Datadog App Analytics/Logs from One to N

Anatoly Mikhaylov
Nov 4, 2019 · 6 min read

Among the three pillars of observability (metric, logs, traces), logs might be the most boring part but only until we start using them successfully for performance analysis and troubleshooting. How often do we find ourselves parsing through terabytes of logs looking for a needle in a haystack? When we find it how do we create a context around this individual log event? In this blogpost we will learn how to expose database metadata “Process List” via Datadog Logs and cover a new Datadog tracing feature called just “Traces”. This new feature will help to connect database traces and logs together and make database performance troubleshooting easier.

Let me start with an example to demonstrate what level of detail we will go through. Filter slow SQL queries, get the connection IDs and the states these connections switch through alongside with the performance characteristics of each connection:

I will rely on Datadog Application Performance Monitoring (APM) to describe performance troubleshooting techniques. APM client library is available for Ruby, Python, Golang and many other languages. Tracing is not something enabled by default. Additional configuration is required to trace requests and search through them, it will be subject to the tracing quota allocated to your account. Not every service is worth indexing though. High volume services like MySQL, Redis, Memcached are often exempt from tracing due to the volume and associated cost. It isn’t financially feasible to trace billions of SQL queries when we only need a sample. Use a workaround with the “SQL Time” measure attached as a tag, it helps to find HTTP requests with slow SQL queries, its instrumentation is fairly simple:

The Ruby On Rails framework has the ActiveSupport Notifications API publish/subscribe model, that helps to extend Datadog trace span with SQL Time. We subscribe to an event when the request is complete and take the DB Runtime value to send as an additional tag. APM Query to filter HTTP requests with total SQL Time above 2 seconds will look like:

@database.sql_time:>2s

It will work with every Analyzed Spans regardless of sampling. We can’t filter an individual slow SQL query. Priority sampling can help to increase the number of events with full traces but dataset size makes the same SQL query fast in one scenario and slow in the other. Occasionally traces can be dropped as well:

A trace priority should be manually controlled only before any context propagation. If this happens after the propagation of a context, the system can’t ensure that the entire trace is kept across services. Manually controlled trace priority is set at tracing client location, the trace can still be dropped by Agent or server location based on the sampling rules.

When traces are enabled the data is being indexed and you have searching capabilities, while non-traced services like MySQL are only available via Service page (based on custom metrics). Search was not possible here…

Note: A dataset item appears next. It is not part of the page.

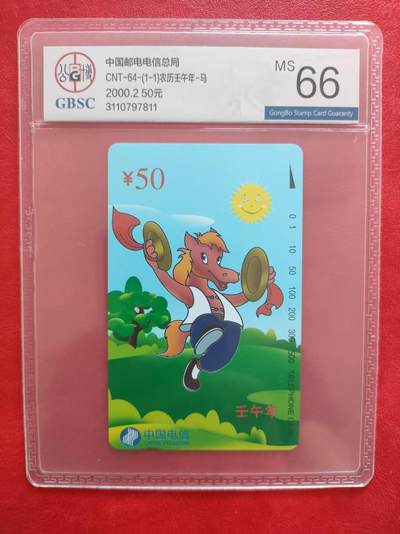 [3月15日奇珍异宝评级卡] 马不停蹄—国卡生肖马公博66分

New Datadog “Traces” feature makes every service traced, it allows you to have SQL queries being available for search without additional Datadog agent’s configuration. It will happen at no extra cost but with some limitations. Downside is not all events will be traced but only a portion, which can be enough for performance troubleshooting. Now traces split to two types:

  • Traces: no widgets, sample of events, high volume services at no extra cost
  • App Analytics: widgets (Histogram, List, Table), Analyzed Spans, subject to tracing quota

Database performance

It’s a difficult and exciting topic at the same time. Millions of unique SQL queries hit database every hour, leaving the engine to do the best to fairly allocate resources to provide consistent performance to every client and also providing MVCC, row-level locking, full ACID compliance. This is difficult in a multi-tenant environment, sometimes a single SQL query can drag performance down for entire database instance. When database performance is far from what we expect, we don’t often have the data to see why. Would it be useful to have contextual logs, detect slow SQL query, deep dive into relevant Process List’s snapshot and connect it to APM in order to find a performance issue?

In order to answer this question we are going use Datadog Logs to store snapshots of database’s meta data Process List to be able to filter slow SQL queries and see exactly what database engine was doing during the query, investigate each individual connection/thread, its states at a given time, analyse how many rows were scanned and examine how much time it spent sending data back. It’s very important to instrument SQL query with trace_id in SQL Comment as shown here:

Important to mention that research is based on test dummy data which has nothing to any kind of real production data. I use my own test application, run the benchmark and collect the stats from the local development environment fully independent and isolated from other environments.

Query Syntax

Datadog Logs UI is SQL query language driven. To learn the query language you can use this resource. Let’s briefly touch relevant query syntax to database performance. A search query may contain a combination of key:value pairs including every facet or even negative condition, for example:

env:test service:(mysql OR backend)
service:mysql @duration:>5s @sql.query:SELECT*
service:mysql @sql.query:(*ORDER* OR -*JOIN*)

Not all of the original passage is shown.